Training
Prerequisites
uv sync --all-groups
bash scripts/sync_data.sh # CarFusion COCO export -> data/raw/
uv run python -m vehicle_keypoints.data.prepare \
--raw data/raw --out data/processed
Hardware: an RTX 3080 (10 GB VRAM) or better is recommended. The YOLO branch fits in ~6 GB at the default batch size; the ViTPose branch uses ~4 GB. Both branches expect data/raw/ populated (CarFusion annotations + images) and data/processed/ generated by prepare.py for the YOLO layout.
Main - YOLO26-pose
uv run python -m vehicle_keypoints.training.train +experiment=sota trainer.max_epochs=100
Expected wall time: ~60-120 minutes on an RTX 3080 (batch 16, 640², 100 epochs). Checkpoints land in artifacts/<run>/weights/best.pt. Ultralytics writes its own results.csv and TensorBoard event files alongside - point TensorBoard at artifacts/ to browse live.
Baseline - ViTPose-S
uv run python -m vehicle_keypoints.training.train_vitpose \
model=baseline \
data.vitpose.train_images=data/raw/train \
data.vitpose.train_annotations=data/raw/annotations/car_keypoints_train.json \
data.vitpose.val_images=data/raw/train \
data.vitpose.val_annotations=data/raw/annotations/car_keypoints_train.json \
trainer.max_epochs=30 \
trainer.output_dir=artifacts/baseline
Expected wall time: ~30-60 minutes on an RTX 3080 (batch 32, 256×192 top-down crops, 30 epochs). Checkpoint written to artifacts/baseline/checkpoints/best.ckpt.
MLflow tracking
MLflow is wired into the ViTPose branch only (mlflow ui --backend-store-uri ./mlruns, browse at http://localhost:5000). Every Hydra run is one MLflow run with the resolved config logged as params and train/loss, val/loss, val/pck, val/oks as metrics.
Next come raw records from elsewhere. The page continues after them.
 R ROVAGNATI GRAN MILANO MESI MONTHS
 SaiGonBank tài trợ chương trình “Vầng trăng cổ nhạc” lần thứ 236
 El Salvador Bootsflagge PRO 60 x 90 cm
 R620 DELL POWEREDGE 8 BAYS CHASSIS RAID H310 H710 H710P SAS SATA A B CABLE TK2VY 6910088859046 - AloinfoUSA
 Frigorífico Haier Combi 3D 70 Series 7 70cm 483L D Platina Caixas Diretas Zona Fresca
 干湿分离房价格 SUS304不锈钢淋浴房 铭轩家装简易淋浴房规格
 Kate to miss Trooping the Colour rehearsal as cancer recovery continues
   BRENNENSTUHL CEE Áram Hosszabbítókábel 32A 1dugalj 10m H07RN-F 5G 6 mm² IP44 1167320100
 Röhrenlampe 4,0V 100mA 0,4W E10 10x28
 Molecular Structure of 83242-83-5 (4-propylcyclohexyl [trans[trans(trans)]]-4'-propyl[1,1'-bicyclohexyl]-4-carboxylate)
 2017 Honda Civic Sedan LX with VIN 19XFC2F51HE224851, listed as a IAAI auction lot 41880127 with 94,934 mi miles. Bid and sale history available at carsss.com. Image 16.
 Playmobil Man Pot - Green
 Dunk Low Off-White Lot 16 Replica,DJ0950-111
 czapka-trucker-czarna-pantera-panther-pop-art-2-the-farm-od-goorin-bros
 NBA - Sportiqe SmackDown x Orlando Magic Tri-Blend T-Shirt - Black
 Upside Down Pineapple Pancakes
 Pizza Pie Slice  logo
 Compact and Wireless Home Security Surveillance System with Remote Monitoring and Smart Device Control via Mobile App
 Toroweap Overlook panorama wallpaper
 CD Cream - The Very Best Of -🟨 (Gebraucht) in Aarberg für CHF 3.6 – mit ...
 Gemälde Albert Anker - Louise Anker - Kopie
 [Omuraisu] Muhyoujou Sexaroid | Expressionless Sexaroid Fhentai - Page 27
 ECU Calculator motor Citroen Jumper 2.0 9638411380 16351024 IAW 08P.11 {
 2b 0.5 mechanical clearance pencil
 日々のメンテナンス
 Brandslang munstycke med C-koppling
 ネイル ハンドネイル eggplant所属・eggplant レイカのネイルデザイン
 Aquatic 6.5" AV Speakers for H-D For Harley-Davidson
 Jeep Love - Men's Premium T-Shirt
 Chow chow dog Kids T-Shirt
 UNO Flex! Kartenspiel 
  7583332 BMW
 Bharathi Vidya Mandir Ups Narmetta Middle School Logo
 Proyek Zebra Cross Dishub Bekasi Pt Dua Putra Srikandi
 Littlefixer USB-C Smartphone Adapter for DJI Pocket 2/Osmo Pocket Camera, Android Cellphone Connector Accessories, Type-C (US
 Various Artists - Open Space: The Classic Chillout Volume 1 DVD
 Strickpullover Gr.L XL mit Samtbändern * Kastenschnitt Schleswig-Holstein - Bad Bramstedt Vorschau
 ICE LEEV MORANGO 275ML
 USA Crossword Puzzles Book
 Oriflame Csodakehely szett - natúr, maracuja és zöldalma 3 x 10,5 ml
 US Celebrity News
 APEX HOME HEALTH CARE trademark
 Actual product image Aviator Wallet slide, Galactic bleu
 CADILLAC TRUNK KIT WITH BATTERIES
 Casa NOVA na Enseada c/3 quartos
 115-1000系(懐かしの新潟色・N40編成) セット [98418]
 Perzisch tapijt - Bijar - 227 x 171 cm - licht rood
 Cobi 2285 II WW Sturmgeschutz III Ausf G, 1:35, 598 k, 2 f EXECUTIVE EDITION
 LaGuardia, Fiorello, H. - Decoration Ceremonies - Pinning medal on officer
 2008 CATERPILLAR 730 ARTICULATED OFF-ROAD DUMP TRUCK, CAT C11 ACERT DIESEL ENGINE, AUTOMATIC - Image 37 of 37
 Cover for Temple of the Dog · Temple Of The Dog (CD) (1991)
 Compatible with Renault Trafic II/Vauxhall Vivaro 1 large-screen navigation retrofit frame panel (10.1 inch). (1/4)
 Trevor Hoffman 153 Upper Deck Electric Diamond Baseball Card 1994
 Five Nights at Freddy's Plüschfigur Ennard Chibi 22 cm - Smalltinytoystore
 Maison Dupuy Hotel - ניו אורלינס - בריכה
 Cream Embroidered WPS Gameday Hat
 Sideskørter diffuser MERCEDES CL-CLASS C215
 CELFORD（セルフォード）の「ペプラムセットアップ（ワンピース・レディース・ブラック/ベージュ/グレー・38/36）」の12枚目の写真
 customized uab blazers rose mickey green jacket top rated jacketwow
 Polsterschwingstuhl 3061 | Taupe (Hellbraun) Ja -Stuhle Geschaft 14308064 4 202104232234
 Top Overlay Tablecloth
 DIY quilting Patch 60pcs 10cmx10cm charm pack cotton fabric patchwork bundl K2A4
Ultralytics (the YOLO branch) does not use MLflow by default - it emits its own results.csv + TensorBoard logs under artifacts/<run>/. This split is intentional: MLflow would mostly duplicate what Ultralytics already provides for YOLO runs, and keeps the YOLO command free of unnecessary plumbing.
Hydra overrides (ViTPose branch)
| Override | Effect |
|---|---|
trainer.max_epochs=50 |
Longer training |
data.batch_size=16 |
Smaller batches for low-VRAM cards |
model.lr=1e-4 |
Different learning rate |
Multi-run sweep example:
uv run python -m vehicle_keypoints.training.train_vitpose -m \
model.lr=1e-5,3e-5,1e-4 \
data.batch_size=16,32
GPU memory
| Branch | Config | Peak VRAM |
|---|---|---|
YOLO26-pose (n size) |
batch 16 × 640² | ~6 GB |
| ViTPose-S | batch 32 × 256×192 | ~4 GB |
Reduce data.batch_size (or trainer.batch= for YOLO) if you hit OOM on a smaller card.
Transfer-learning note (ViTPose)
ViTPose-S ships pretrained on the COCO human 17-keypoint task. We re-head it to 14 car keypoints by replacing the final deconv layer with a fresh 14-channel head. Expect the first few epochs to show unstable loss while the new head learns from random init - this is normal. The backbone transfers well (car textures are within-distribution for a COCO-pretrained ViT), but the head must start from scratch, so don't early-stop too aggressively.